Excerpt
From January 2003 to December 2005, 58 earlobe keloids in 41 patients were treated with simple excision and postoperative radiation (4-MeV electron beam; 10 Gy/2 fractions/2 days) in our facility. As 7 out of 41 patients expressed a strong preference for repiercing, we tried intraoperative repiercing for these patients.
During the operation, the keloid was extirpated, together with a minimal margin of normal skin. The excision was made from the anterior to the posterior earlobe, and the keloid was hollowed out. In some cases, a wedge incision was made on the earlobe, and the shape was trimmed. After hemostasis and suture with 6-0 nylon, the outer tube of an elaster needle was inserted into the wound. Then, the thread was put through the tube and tied. Five Gy of electron-beam irradiation was delivered on the day after the operation and continued for a total of 2 days. At 7 days after the operation, sutures were removed, but the tube was kept in place for 3 weeks. Then, the tube was removed and repiercing was attempted.
We suggested that they should put off piercing and do taping fixation during sleep. Moreover, to avoid friction, we advised that patients should not sleep with the affected side of their head face down on the pillow. After 18 months' follow-up, there was no recurrence in 7 patients with repierced ears (Fig. 1). The total recurrence rate of operated earlobes was 3.5% (2 of 58 earlobes). The 2 patients with recurrence were immediately treated with steroid injections, which improved the prognosis.

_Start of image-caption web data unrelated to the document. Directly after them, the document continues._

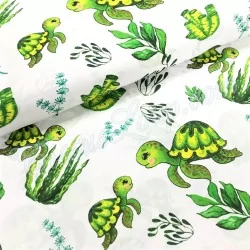 Tela de algodón estampado con tortugas marinas verdes y plantas | Telas Lobo
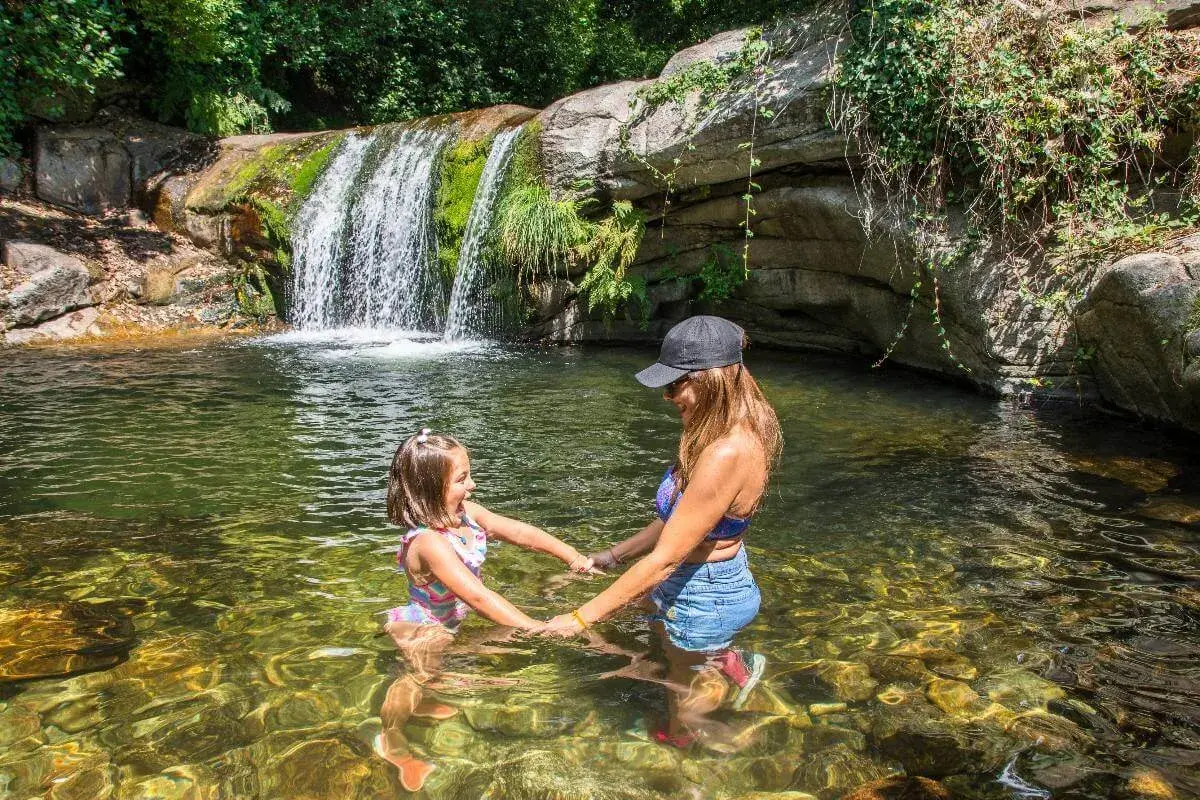 Madre e hija disfrutan de unas refrescantes piscinas naturales con una cascada al fondo.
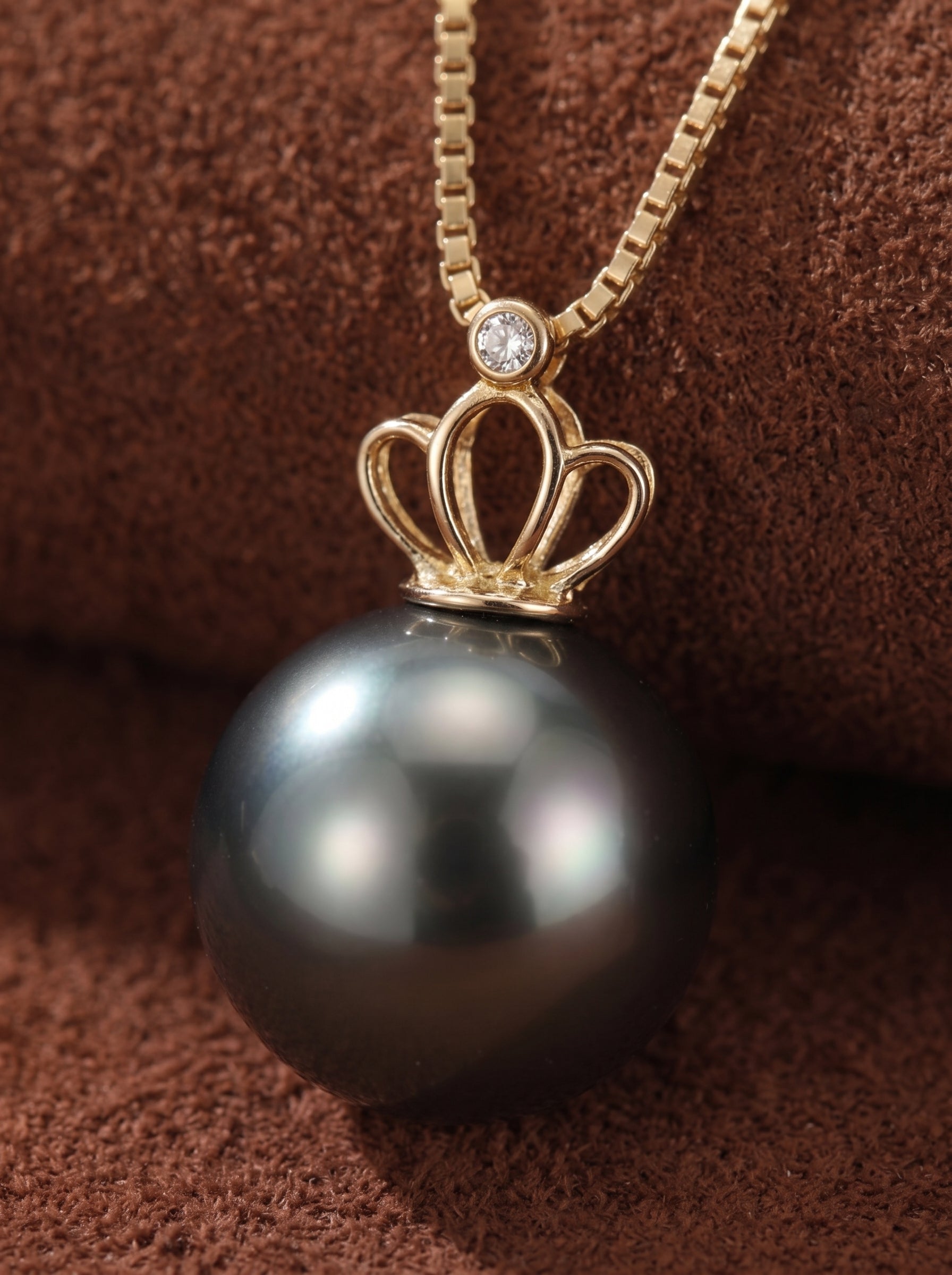 A close-up of the Majesty pendant necklace featuring a large, lustrous Tahitian pearl topped with a golden crown-shaped bail and a small diamond accent. @pearl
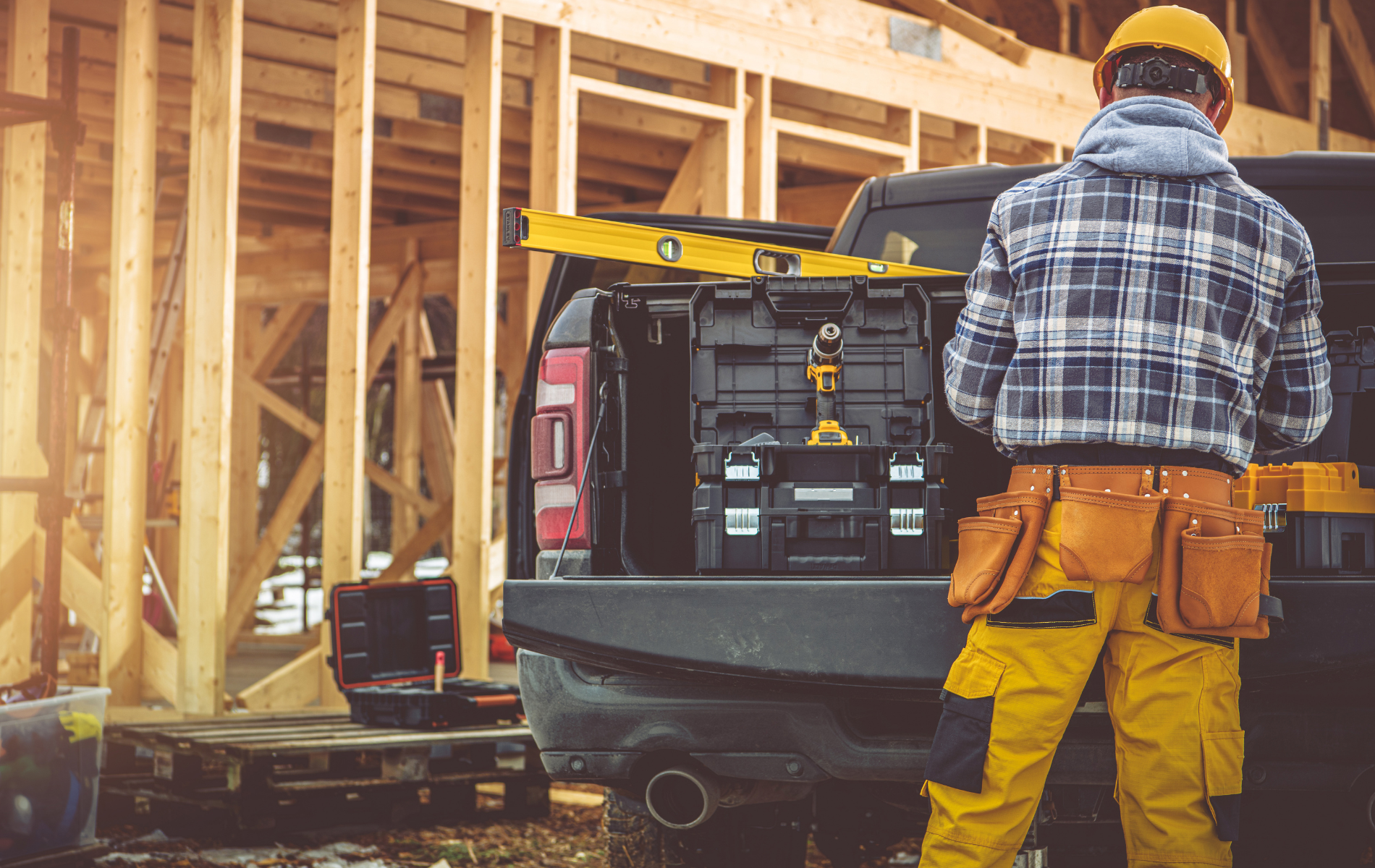 A construction worker in a hard hat and yellow pants stands by a truck bed filled with tool cases at a building site.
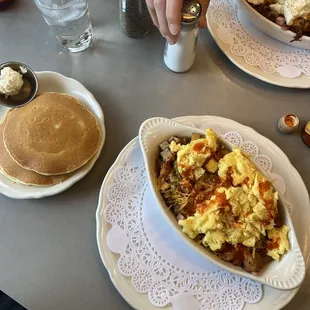 a breakfast of eggs, hash browns and pancakes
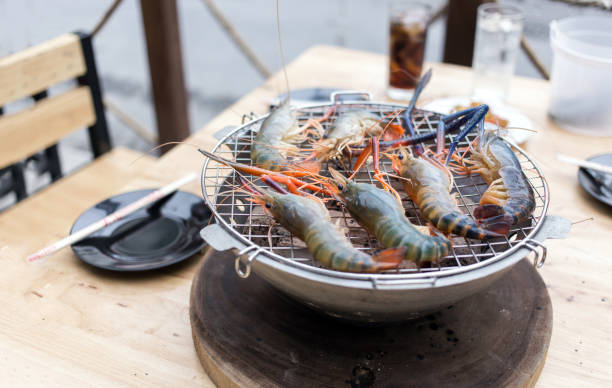 istock shrimp grill on chacoal barbecue on table 1034086264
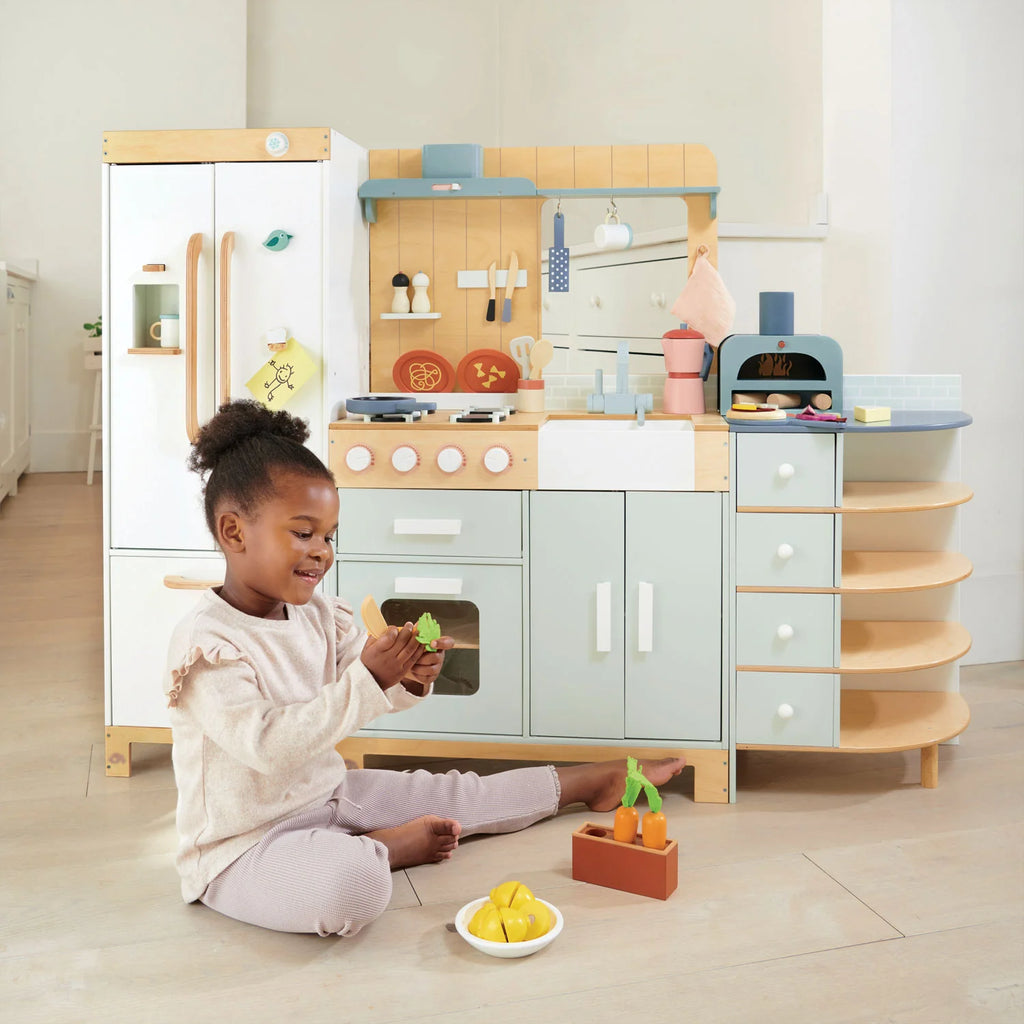 A young girl sits on the floor playing with toy fruits in front of the La Fiamma Grand Kitchen, a kids kitchen set featuring pastel colors, a wooden play kitchen design, and various kitchen accessories.
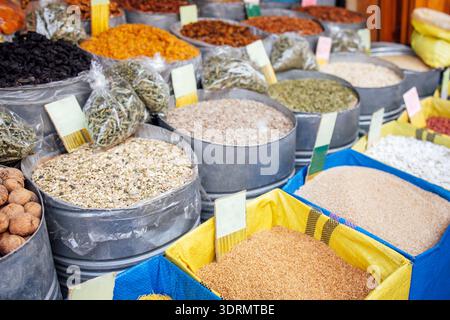Farbenfrohe Auswahl an Gewürzen und Kräutern, die in Metallbehältern und gewebten Körben auf einem lebhaften Markt präsentiert werden und die Vielfalt präsentieren Stockfoto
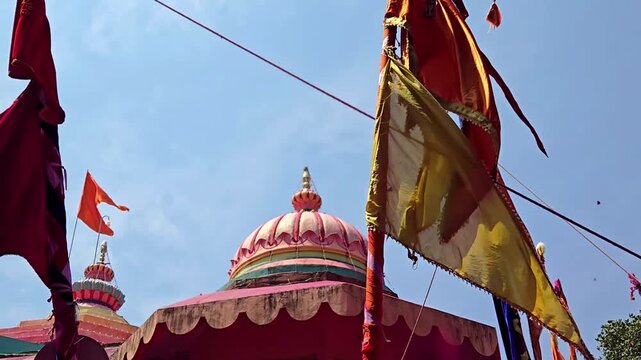 Yerad's Yedoba Temple shines during Chaitra Yatra. Sasan kathis & bright flags sway as gulal fills the air. The Chhabina procession celebrates local heritage beneath the temple&rsquo;s iconic sacred kalash.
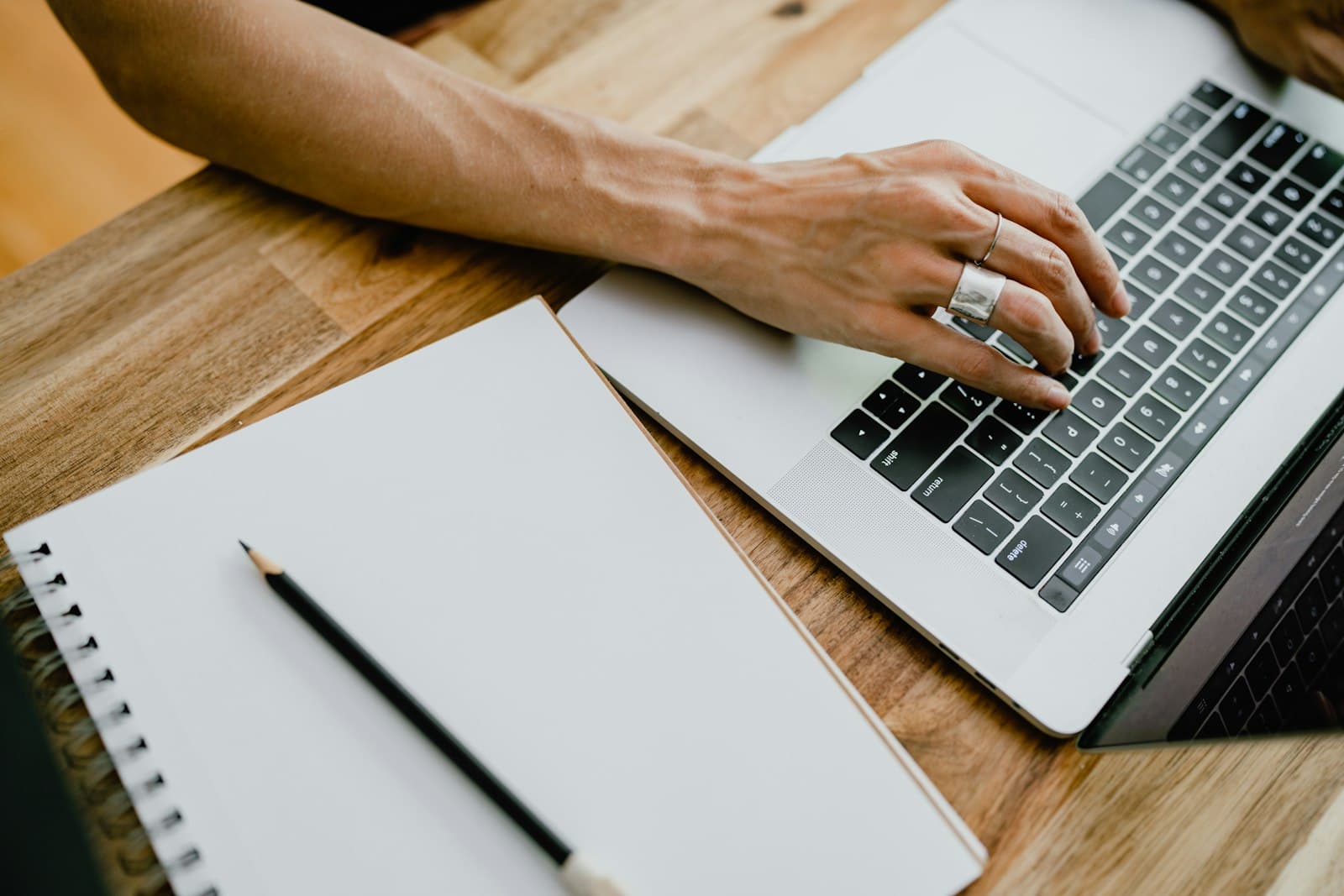 Typing a follow-up note on a laptop, the same small habit as logging a line in the tracking spreadsheet each day.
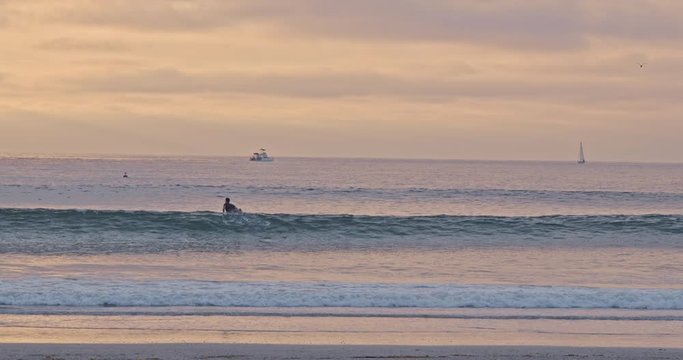 Surfer Paddling Out at Sunset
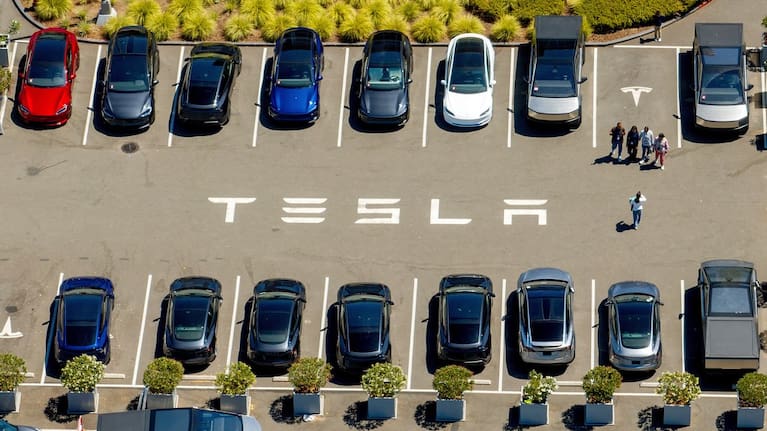 Tesla vehicles line a parking lot at the company's Fremont, Calif., factory on Aug. 5, 2025.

Previous articles have clearly shown that there are no objections about the effectiveness of keloid excision and postoperative radiation.1–3 An important concern about using radiation therapy to treat keloids is the risk of inducing malignant tumors. Of course, it is important to continue to investigate the potential association between radiation and malignancy, especially in young patients who must be monitored over long time periods. Besides surgery and postoperative radiation, the most important thing is patient self-management. Taping fixation and certain pressure devices are useful in preventing earlobe keloid.4,5
In our hospital, we make efforts to accommodate the esthetical and spiritual aspirations of our patients. Thus, we not only implement effective measures to prevent recurrence but also engage in earlobe repiercing on the patient's request. During the operation, an elaster tube for the intravenous drip is available in the operating room at all times, which makes repiercing very convenient. Eighteen months' follow-up may be considered to be quite short, but our trial with no recurrences after 18 months shows that the treatment has considerable potential. We propose that repiercing is possible if the patient is good at self-management.